If history is any guide, central planning ends badly. Russia is a case in point. They built a technological base, yet many languish in poverty.
Asian tigers’ innovation model including that of Korea has flaws. So has their economic model in the first place. They have steered their economies through innovation and production with mercantilist twist. The bill is coming due. This is one of the key points I’m trying to get across on this blog.
Their innovation undertaking is based on mercantilist command economy. It has been against the market-based system.
Since there has been a multi-decade improvement in infrastructure and living standards and the technological leap, people don’t seem to see the fallacy of its model. The strengths of this model have masked the reality.
Who has been the ultimate beneficiaries with this model? Innovation and production capacity building have been the icing on the cake to a large extent. Due to the model serving their interests well, the global economy booming and the USD's role as global reserve currency, it has sustained. Now that model is broken.
Again, without a market-based economic system and democracy in place, their rigorous innovation drive can’t serve the benefits of the most people. Meaningful regulatory reforms and policy changes should follow.

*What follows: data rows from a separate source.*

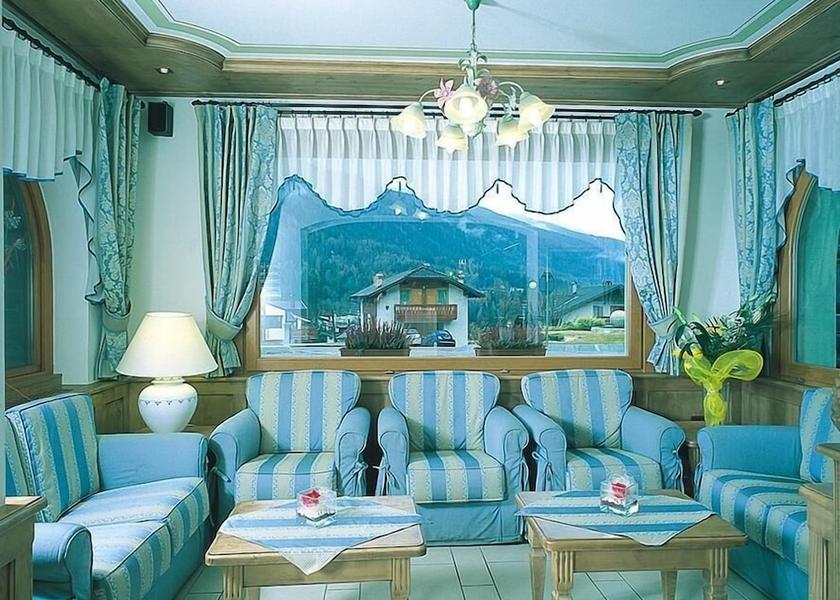 Trentino-Alto Adige Mezzana Lobby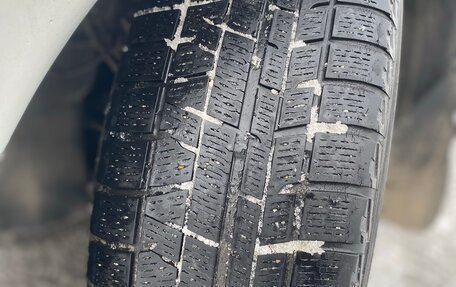 Toyota Avensis III рестайлинг, 2004 год, 700 000 рублей, 25 фотография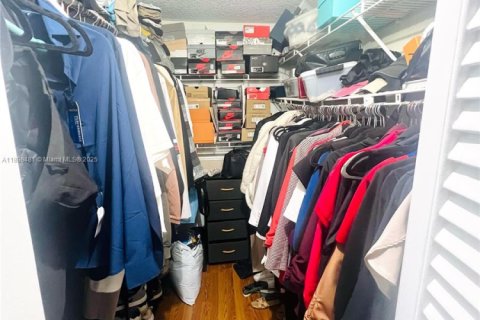 Condo in Tamarac, Florida, 2 bedrooms № 1950985 - photo 13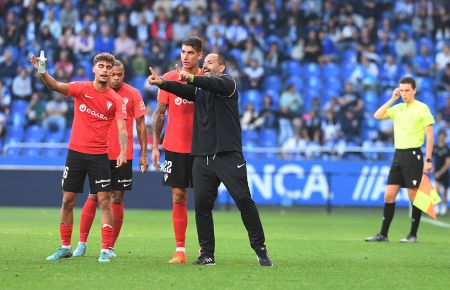 Salva Ballesta da instrucciones a Gabri Martínez, Rafa Páez y Biabiany durante el partido con el Deportivo en Riazor.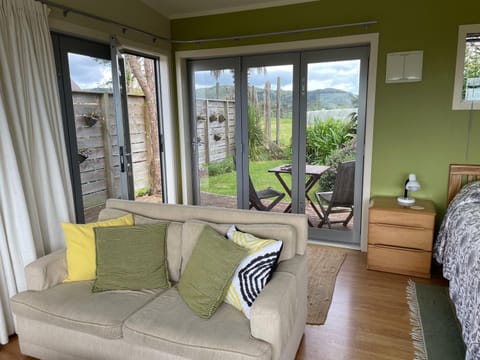 Garden, View (from property/room), Balcony/Terrace, Living room, Seating area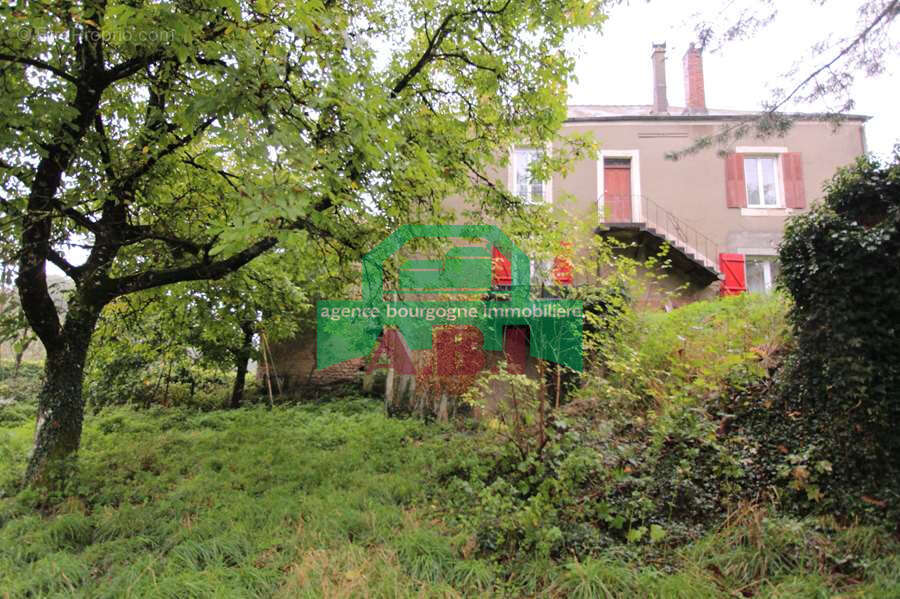 58, Morvan Lormes - Maison indépendante  style Bourgeoise bon volumen habitalbe sur 3091m2 de terrain. - photo 5
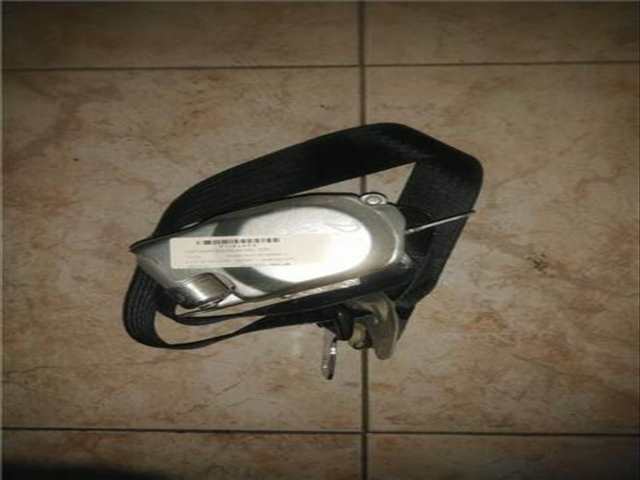 Cinturón Delantero Izquierdo Toyota Corolla 2.2 D-4D SOL [2.2 LTR. 100KW TD CAT]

From Zero Hedge:Chinese local governments are facing the prospect of major unemployment problems should the swathe of solar panel makers, that have been subsidized from birth to now-near-death, continue to suffer from US and European tariffs (as well as simple gross mis-allocation of capital amid massive over-capacity). However, as is the way of the mal-investing world today, no barrier to rational economic theory is too low for government status-quo maintenance as it would appear that local banks have been strong-armed into extending loans to keep them alive. As Reuters reports, debt-laden (NYSE-traded) SunTech Power Holdings - which is close to removal from the exchange due to its dismal equity price - has just received new 'bailout' loans. First, it was a race to debase. Now, we have the race to bailout the world's most worthless companies (especially in channel-stuffed industries) as the New Normal trade wars continue.